> PROBLEM REQUIREMENTS:
Below, find each line holding "Casual" and state how many there are, using the number alone.

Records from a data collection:
-- -- --

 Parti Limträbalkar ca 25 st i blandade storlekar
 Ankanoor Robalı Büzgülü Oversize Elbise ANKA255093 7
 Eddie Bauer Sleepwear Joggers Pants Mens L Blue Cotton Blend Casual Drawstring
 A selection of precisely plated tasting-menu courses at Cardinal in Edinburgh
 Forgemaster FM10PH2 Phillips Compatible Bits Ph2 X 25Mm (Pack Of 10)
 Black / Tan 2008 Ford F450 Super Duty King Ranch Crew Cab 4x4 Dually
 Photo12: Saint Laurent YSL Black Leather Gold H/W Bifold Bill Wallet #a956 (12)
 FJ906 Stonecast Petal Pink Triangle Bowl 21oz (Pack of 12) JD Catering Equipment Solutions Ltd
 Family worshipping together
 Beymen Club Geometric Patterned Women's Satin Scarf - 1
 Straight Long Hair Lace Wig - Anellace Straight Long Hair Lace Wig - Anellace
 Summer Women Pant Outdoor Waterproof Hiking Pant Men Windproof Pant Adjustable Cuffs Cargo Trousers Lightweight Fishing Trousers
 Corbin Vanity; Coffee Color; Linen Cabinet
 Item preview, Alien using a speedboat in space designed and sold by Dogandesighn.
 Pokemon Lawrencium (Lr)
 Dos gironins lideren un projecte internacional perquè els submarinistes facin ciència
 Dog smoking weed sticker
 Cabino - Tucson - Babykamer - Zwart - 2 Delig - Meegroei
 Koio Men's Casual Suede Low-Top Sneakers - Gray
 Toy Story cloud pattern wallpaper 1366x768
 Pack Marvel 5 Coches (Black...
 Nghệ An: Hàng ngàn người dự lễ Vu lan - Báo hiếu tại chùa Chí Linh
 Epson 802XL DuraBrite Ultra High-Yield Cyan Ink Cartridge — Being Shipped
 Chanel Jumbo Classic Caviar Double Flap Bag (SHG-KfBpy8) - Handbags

-- -- --

> RESPONSE BOX:
2